Photo credit: Matthew Ireland

The Season: What has your own artistic journey been?

Geoff Ireland: I think my artistic journey started as a 3–5-year-old on my father's building sites. My mother was extremely ill most of her life, and so I was assigned happily to bricklayers’ sand, wooden offcuts, and a whole lot of exciting materials that I amused myself with for many hours in wonderful imaginings making castles, buildings, whatever! This set a wonderful base for later studio work with meditative time thinking about what to discover and making three dimensional “stuff” with my hands. 

I became an Art teacher in a High School. This was a test artistically as I was a young married man and had a child, a mortgage, and Church commitments. However, I still made work somehow!

Eventually I was asked to join the staff at the National Art School in Sydney. In time I became Head of Sculpture and then finally Deputy Director/Head of Studies. During my time at the School, I was awarded a Fellowship to go to the Johnson Atelier Institute at Princeton, New Jersey, USA (1982-3). I learnt fine arts casting there, and my technical processes in making sculpture changed. I tried casting as we had a casting foundry at the NAS. Our family of 4 travelled to Utah where I worked at the Wasatch Bronze works and became friends with Neil Hadlock, who asked me to make a commissioned work. I became aware of LDS artistic culture there, which was a culture I thought whose sensibilities seemed to be strongly aligned with artistic Romanticism.

It was the Reagan years and the fall of the USSR. Culturally, I became very aware of symbols in the US, the flag particularly, and this was reinforced by a large exhibition of Jasper Johns’ work at the Whitney. Subsequently, I made many works based on flags with a political narrative which stemmed from my time in the US.

I saw a wonderful show at the National Gallery in DC, of hundreds of works by David Smith and was intrigued by his use of paint on his work. This somehow revived itself in my later work. I became more aware of the possibility of narrative in sculpture, which appears in my current work.

I was awarded a research grant which sent me around the world to look at the “Sculptural aspects of Architecture.“ The result was that my forms became architecturally based, platforms, stairs, arches, etc.

The next major and perhaps the most significant turning point in my life occurred when my wife Janice and I served a full-time mission in Poland as S&I Country Coordinators. We had faculty meetings all over Europe which reinforced the image of strong architectural elements in religious settings.
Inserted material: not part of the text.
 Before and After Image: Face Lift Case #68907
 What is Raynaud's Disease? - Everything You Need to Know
However, we both returned with cancer. Janice passed away 6 years later. Now during this time many very important questions began to surface, emphasized by another bout of cancer in 2018. What seemed to happen was all these artistic and moral/religious issues I had been trying to live throughout my life somehow seemed to form into a more unified whole. This was reflected in a drive to make visual statements about all these deeply felt passions.

Geoff Ireland (Australian, born 1948)

Where is the pavilion that covereth thy hiding place (2021)
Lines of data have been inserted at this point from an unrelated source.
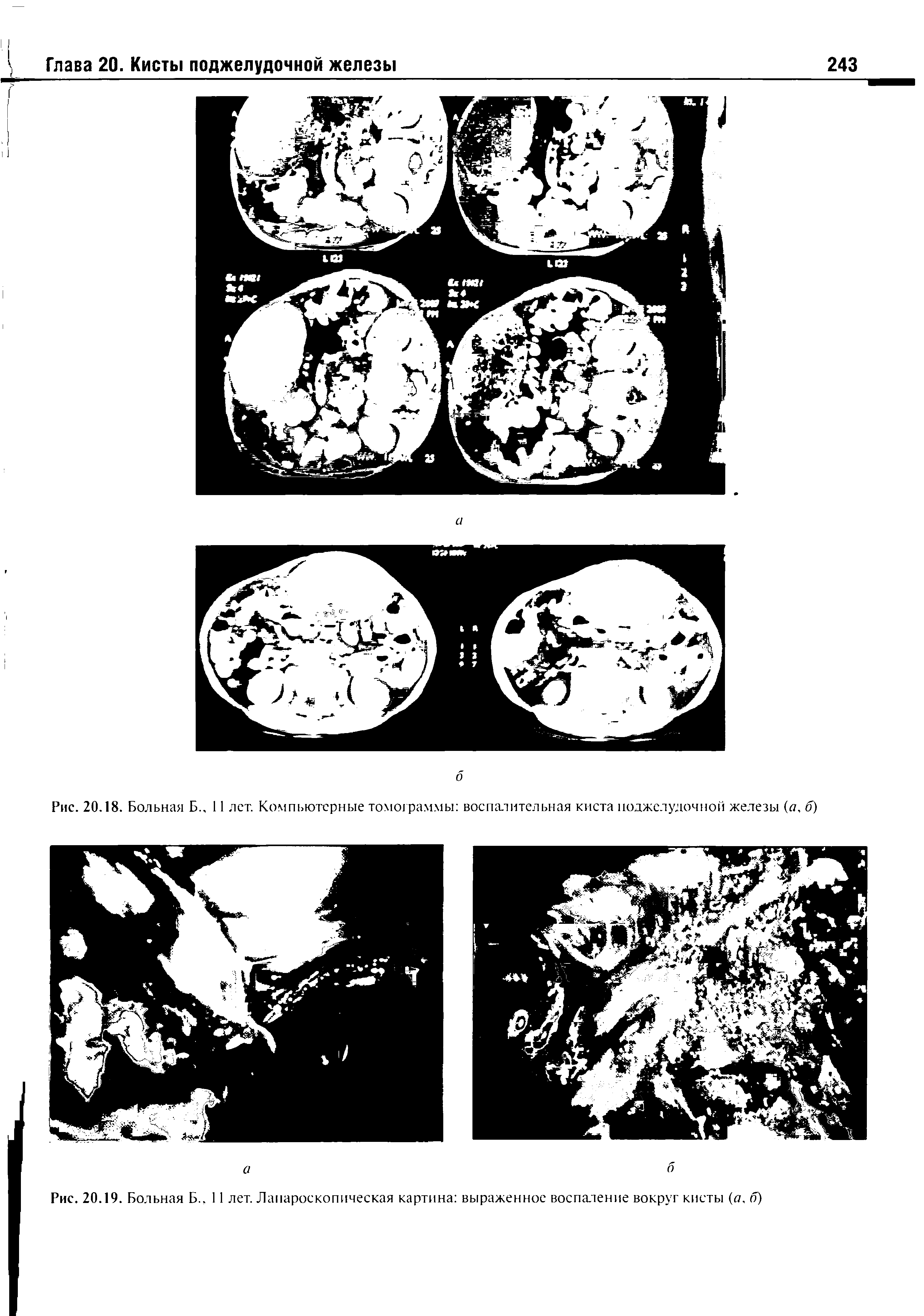 Рис. 20.18. Больная Б., 11 лет. Компьютерные томограммы воспалительная киста поджелудочной железы (о, б)...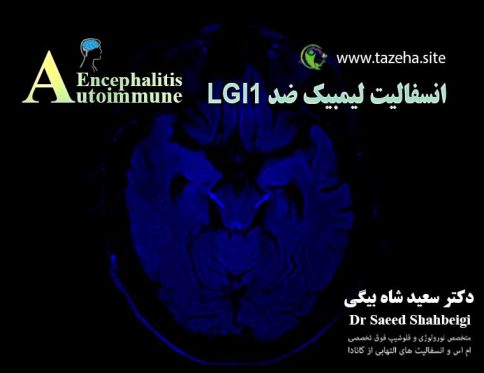 انسفالیت لیمبیک ضد LGI1 دکتر سعید شاه بیگی متخصص مغز و اعصاب و فلوشیپ فوق تخصصی ام اس و انسفالیت های التهابی مغز و نخاع از کانادا
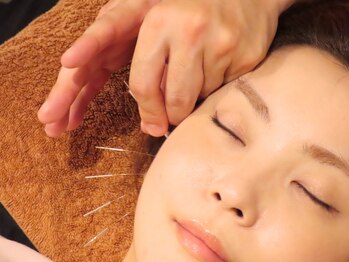 松尾整骨院の写真/【美容鍼でお顔のむくみやたるみ改善!】小顔・美肌・エイジングケアでお悩みの方は《松尾整骨院》にお任せ!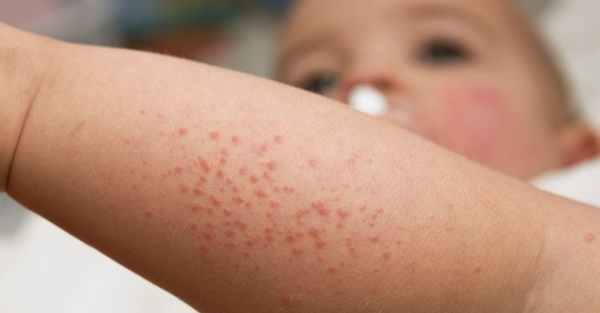 Фолликулярный гиперкератоз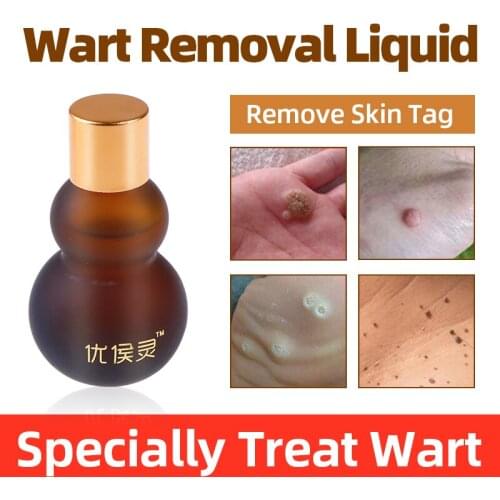 Hou Warts Treatment Antibacterial Liquid Medical Remove Meat Thorn or Skin Tag Release Foot Or Hand Body Warts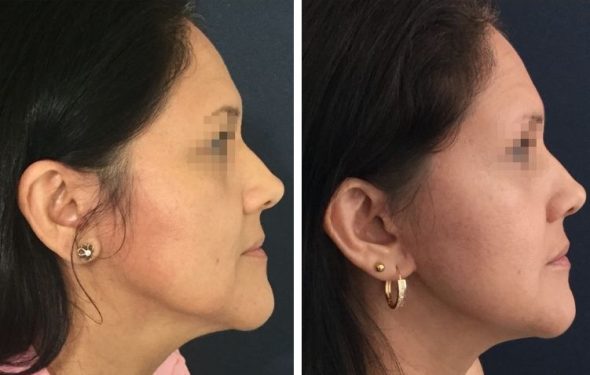 deep plane facelift colombia - premium care plastic surgery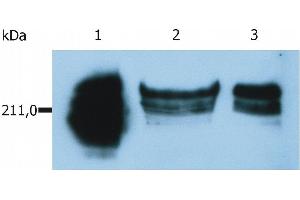 Western Blotting analysis of whole cell lysate of HUT-78 human cutaneous T cell lymphoma cell line. (CD45RA 抗体  (FITC))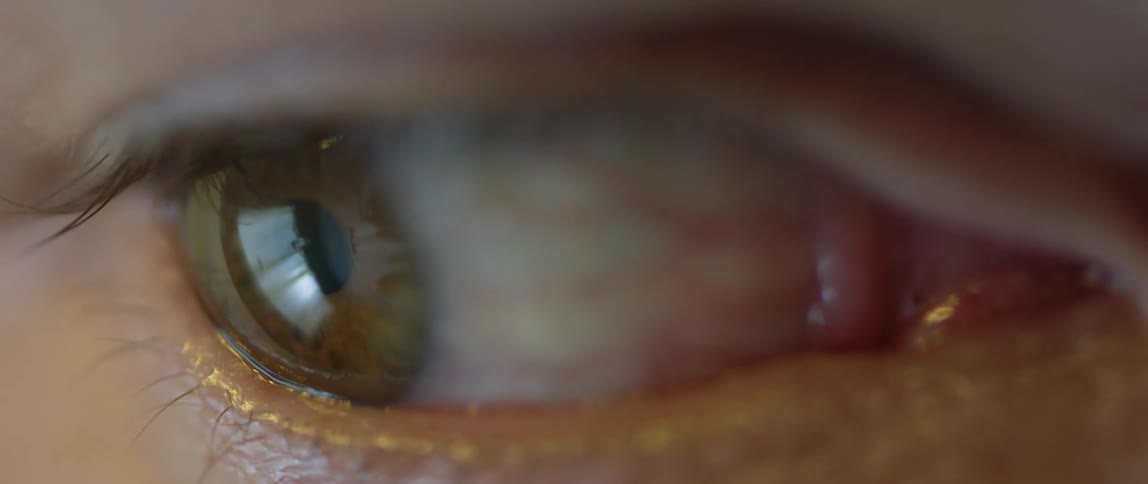 A persons eye looks around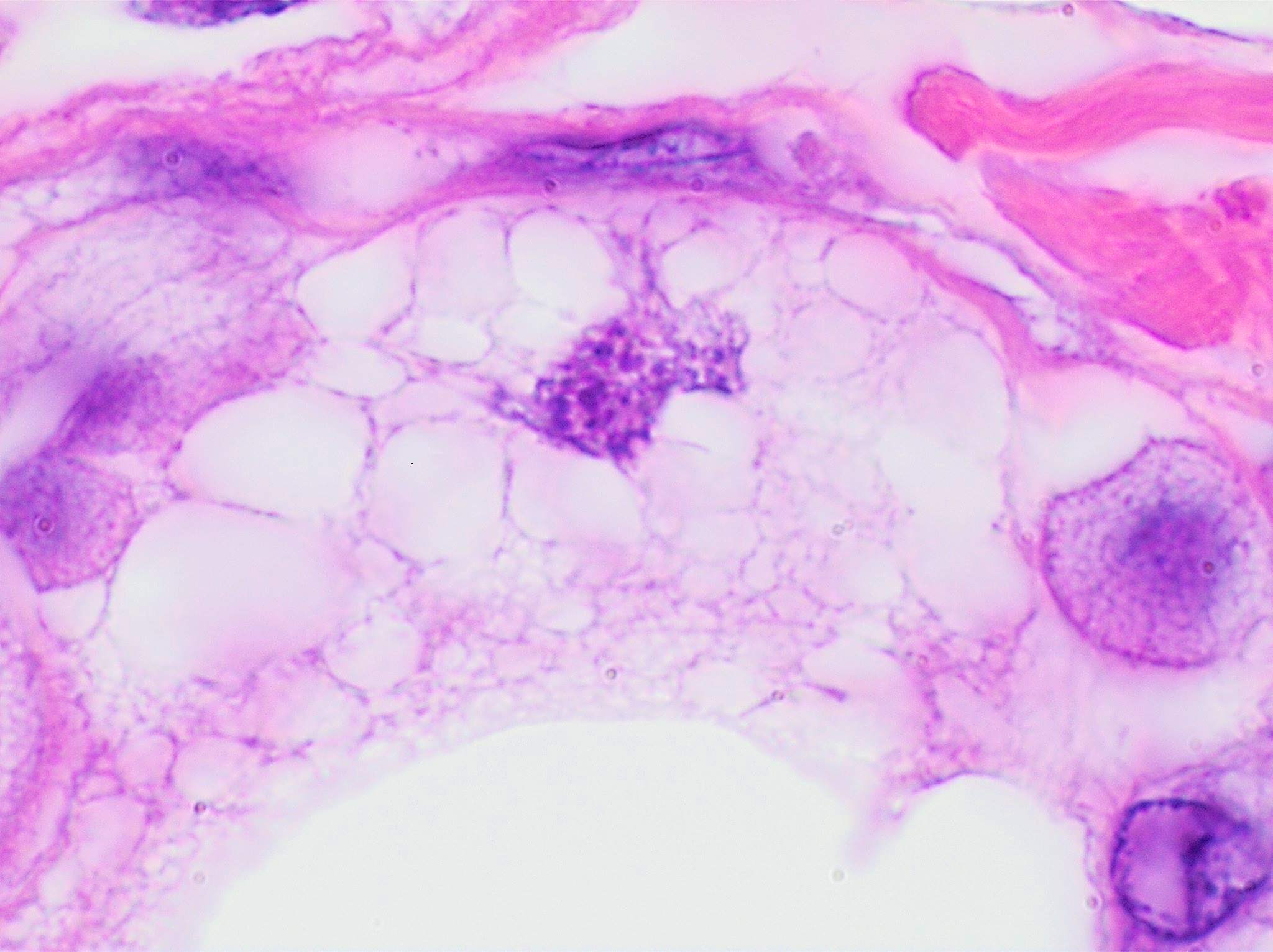 Lipoblast-like histiocyte in fat necrosis of the breast (H&E). A foamy histiocyte with lightly eosinophilic cytoplasm and a small normochromatic nucleus that is not hollowed out by lipid vacuoles, distinguishing it from a true lipoblast. Olympus LC30, by Mikael Haggstrom, M.D.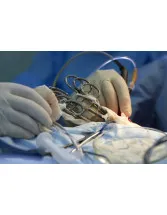 Urology Surgery Supplies Market by Product and Geography - Forecast and Analysis 2021-2025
Phosphorous bronze, 30 cms x 32 cms x 26 cms]

Used with permission of the artist]

The Season: These are works whose titles draw from scripture and comments about life. As a religious person, how does your faith find its way into your art?

Geoff Ireland: When I enter my studio, I often pray for grace. The 18th Century composer, Johann Sebastian Bach had thoughts about God’s grace: “Where there is devotional music, God’s grace is always present.” I’m not sure if Bach was referring to the presence of grace in himself or his audience. But in an attempt to add some enabling ability to my making, I seek grace through prayer and strive to create visual poetry. Does it always work? No. I don’t expect the Lord to grant me “perfection,” rather to help me join with Him in the godly gift of creation. I have a shared testimony with Michelangelo who said, “I work out of love for God, and I put all my hope in (with) Him.”
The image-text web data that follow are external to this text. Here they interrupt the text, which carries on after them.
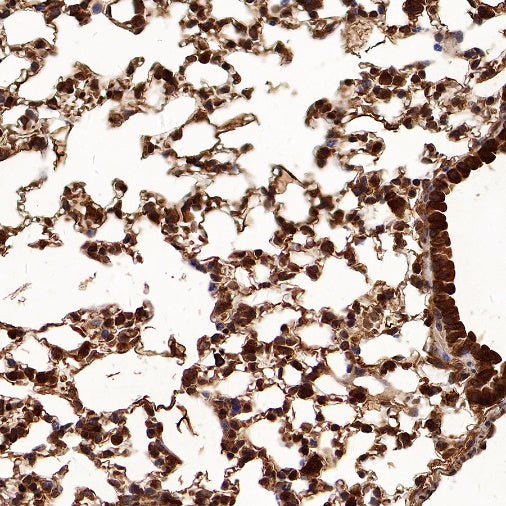 Peroxiredoxin 1/PAG Recombinant Rabbit mAb (S-1673-22)
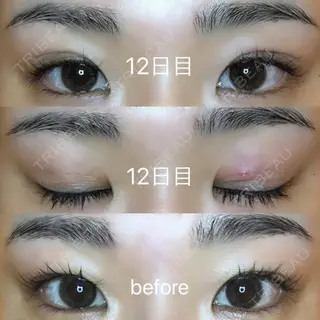 12日目の経過画像（1枚目）
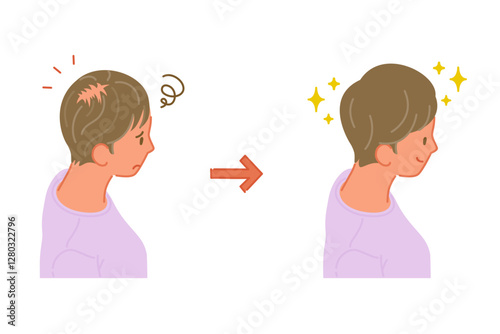 薄毛の女性の治療前と治療後のイラストセット（俯瞰）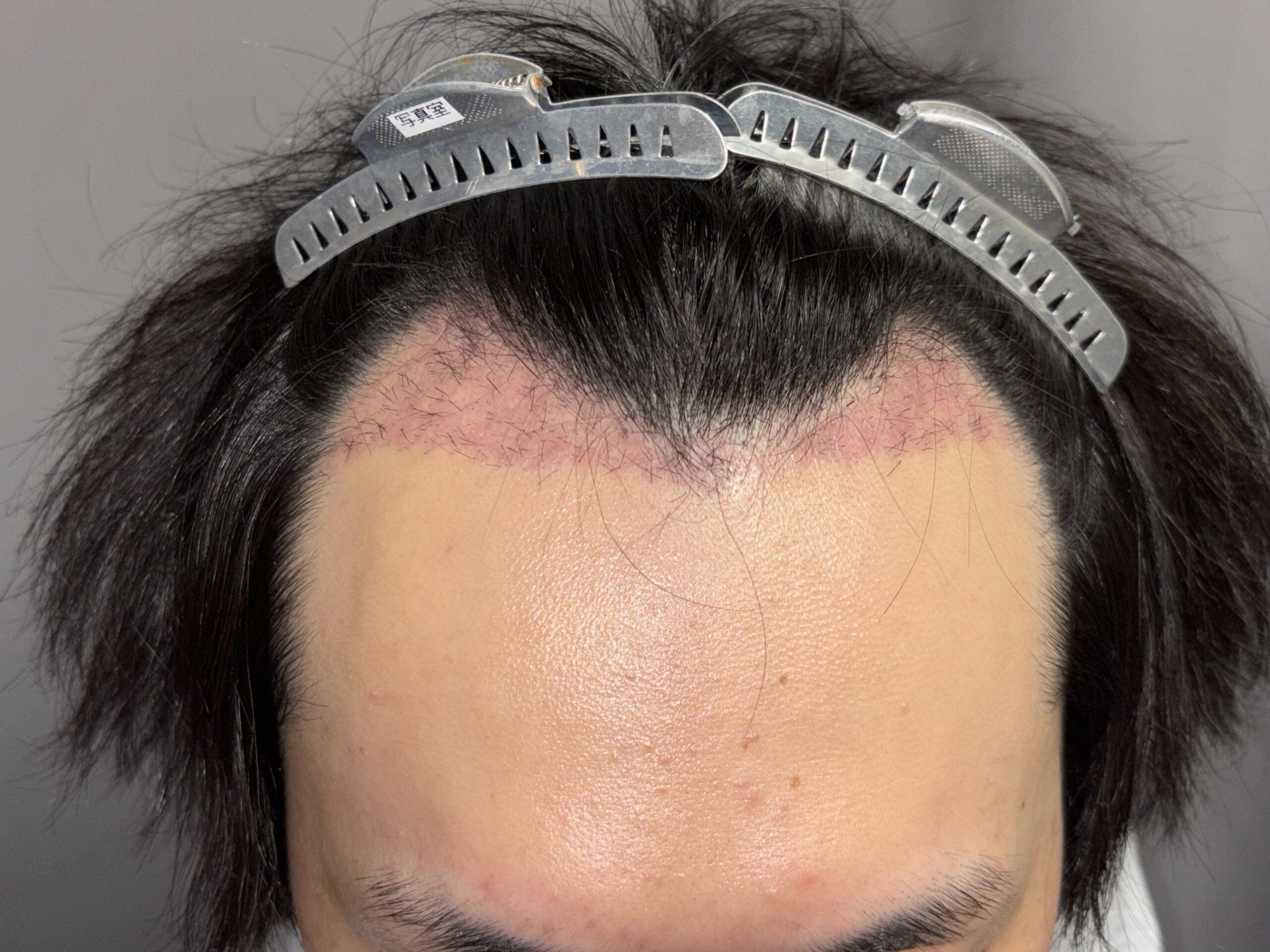正面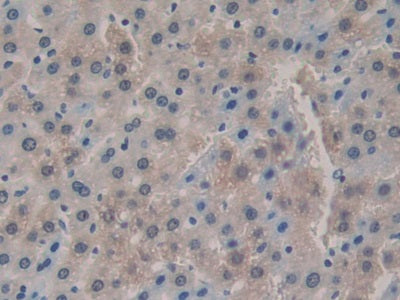 DAB staining on IHC-P; Sample: Rat Spinal cord Tissue; Primary Ab: 30ug/ml Mouse Anti-Rat IL1a Antibody; Second Ab: 2ug/mL HRP-Linked Caprine Anti-Mouse IgG Polyclonal Antibody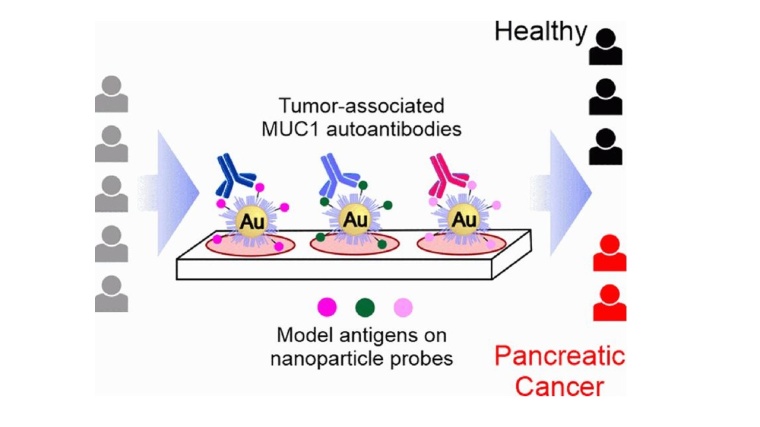Bessere Früherkennung von Bauchspeicheldrüsenkrebs Foto: Wiley-VCH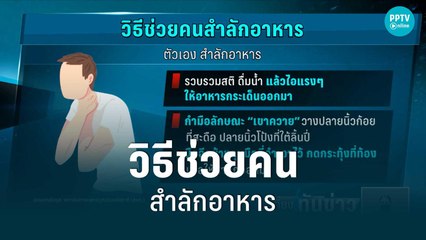 แพทย์แนะวิธีช่วยคนสำลักอาหารที่ถูกต้อง | เที่ยงทันข่าว | 7 มิ.ย. 65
When I am about to make a work, I am not consciously clear about anything. I often sit and look out of my studio into the mangroves opposite. In the past decade I have been reflecting more and more on my mortality (I’ve had cancer twice in 6 years), and I am stimulated by the depth and breadth of the Plan of Salvation. This reflection has been wonderfully fruitful for the images, ideas, and deep feelings it consistently yields. I believe my religious beliefs are so embedded in my total being that inevitably they become the focus/heart of my work. I also believe that as I have progressed in years, the different parts of my identity have become much more harmonious and centered. 

From an abstract and responsive beginning, each work unfolds intuitively. At the same time my mind remains occupied with the questions and ponderings of the time. The work therefore, relatively unconsciously explores the complexities of those ideas, until a central cluster of ideas becomes apparent in the work. The work’s title reflects that central focus. 

Making visual art by this intuitive and reflective method ensures that the work is fundamentally connected to one’s senses and emotions, subsequently challenging the mind to unpack those responses in light of the symbols evident in the work and the title it is given. I hope that this approach opens one’s soul to the potential for personal spiritual experience.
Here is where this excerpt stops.